_Try it_. Within the entries below, please retype exactly the lines starting with the line that has "On the overclock" and going on through the line that has "Hi guys, this", but not the pictures.

_Data extracts_.
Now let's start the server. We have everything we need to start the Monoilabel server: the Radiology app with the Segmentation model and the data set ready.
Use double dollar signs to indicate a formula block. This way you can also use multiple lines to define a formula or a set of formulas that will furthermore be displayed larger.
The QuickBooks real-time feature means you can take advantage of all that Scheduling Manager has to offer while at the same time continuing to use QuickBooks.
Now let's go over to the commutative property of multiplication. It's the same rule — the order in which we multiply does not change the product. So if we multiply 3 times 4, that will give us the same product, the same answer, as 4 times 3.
---
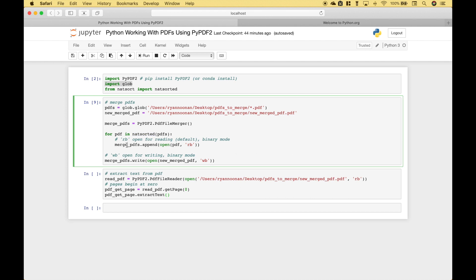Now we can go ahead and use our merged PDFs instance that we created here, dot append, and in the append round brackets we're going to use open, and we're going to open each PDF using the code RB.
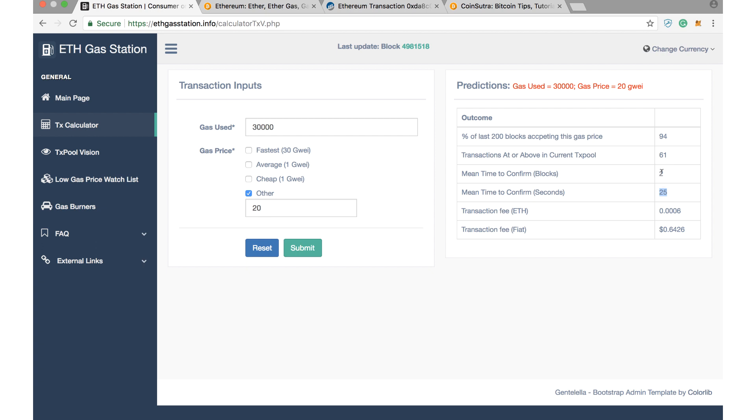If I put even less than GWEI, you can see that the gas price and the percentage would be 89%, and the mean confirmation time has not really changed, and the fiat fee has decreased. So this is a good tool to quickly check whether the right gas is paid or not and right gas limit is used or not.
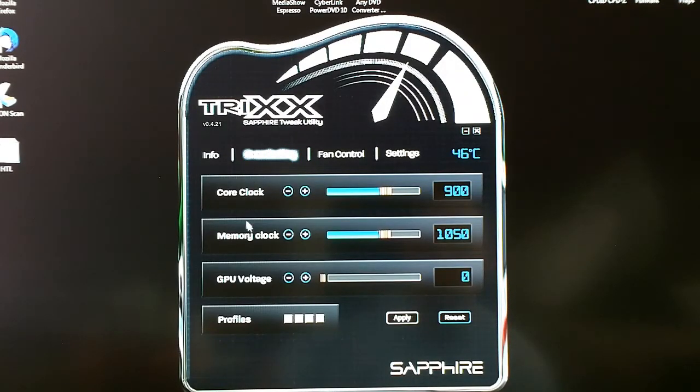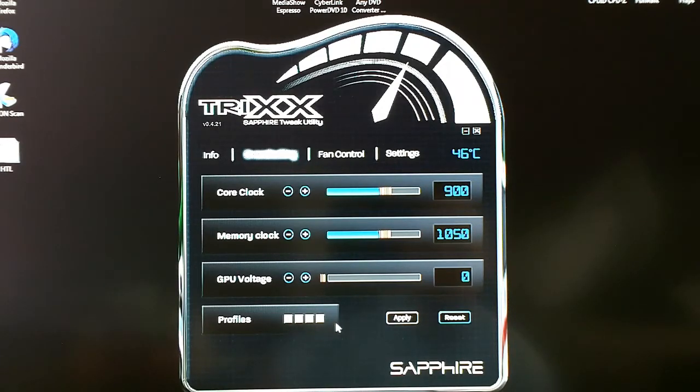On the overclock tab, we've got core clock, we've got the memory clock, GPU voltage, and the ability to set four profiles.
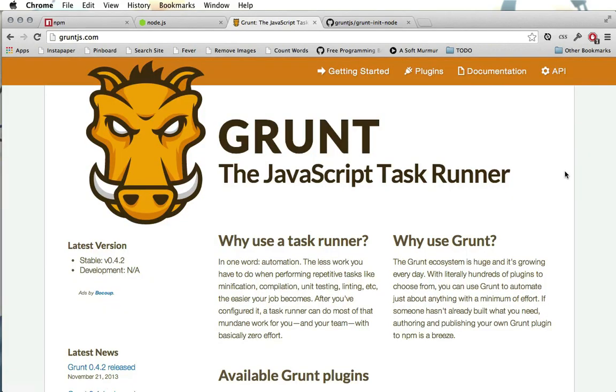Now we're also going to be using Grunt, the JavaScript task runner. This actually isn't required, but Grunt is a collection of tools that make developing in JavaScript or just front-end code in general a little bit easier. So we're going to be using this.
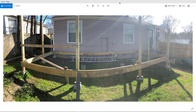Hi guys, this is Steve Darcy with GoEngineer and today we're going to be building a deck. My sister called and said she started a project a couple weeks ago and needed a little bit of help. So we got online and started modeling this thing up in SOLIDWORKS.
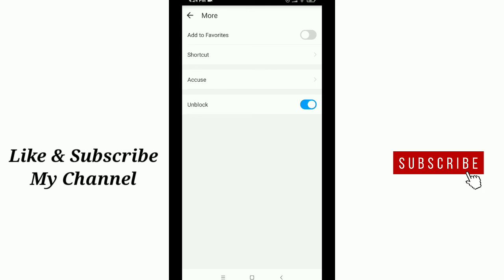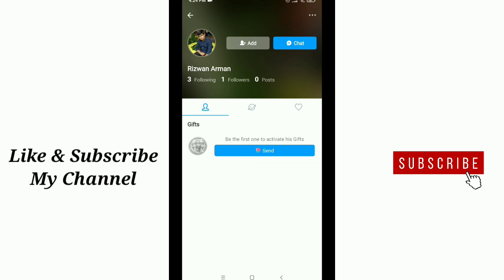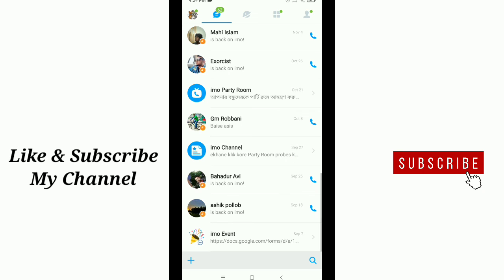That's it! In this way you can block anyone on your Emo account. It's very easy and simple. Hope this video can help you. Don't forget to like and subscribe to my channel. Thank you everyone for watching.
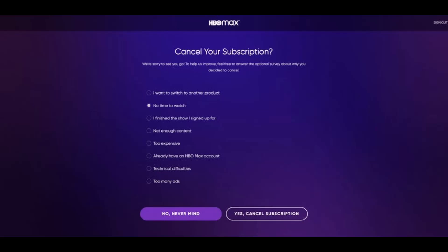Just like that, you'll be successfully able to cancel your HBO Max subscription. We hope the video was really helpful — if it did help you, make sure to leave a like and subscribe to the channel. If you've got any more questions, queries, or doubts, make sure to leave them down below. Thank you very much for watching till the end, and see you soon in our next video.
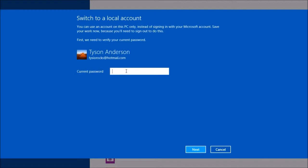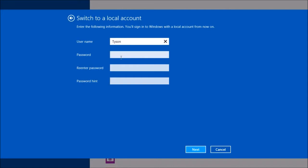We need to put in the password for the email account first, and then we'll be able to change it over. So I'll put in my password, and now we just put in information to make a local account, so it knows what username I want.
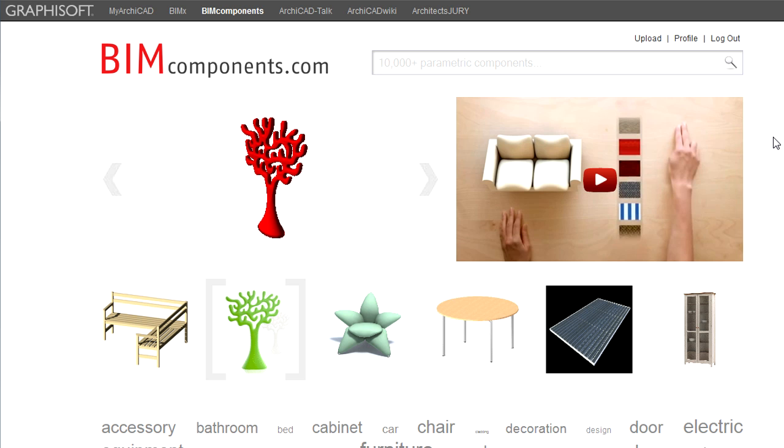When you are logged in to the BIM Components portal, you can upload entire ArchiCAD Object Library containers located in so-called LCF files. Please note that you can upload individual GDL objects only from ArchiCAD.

_Result of the task_.
On the overclock tab, we've got core clock, we've got the memory clock, GPU voltage, and the ability to set four profiles.
Now we're also going to be using Grunt, the JavaScript task runner. This actually isn't required, but Grunt is a collection of tools that make developing in JavaScript or just front-end code in general a little bit easier. So we're going to be using this.
Hi guys, this is Steve Darcy with GoEngineer and today we're going to be building a deck. My sister called and said she started a project a couple weeks ago and needed a little bit of help. So we got online and started modeling this thing up in SOLIDWORKS.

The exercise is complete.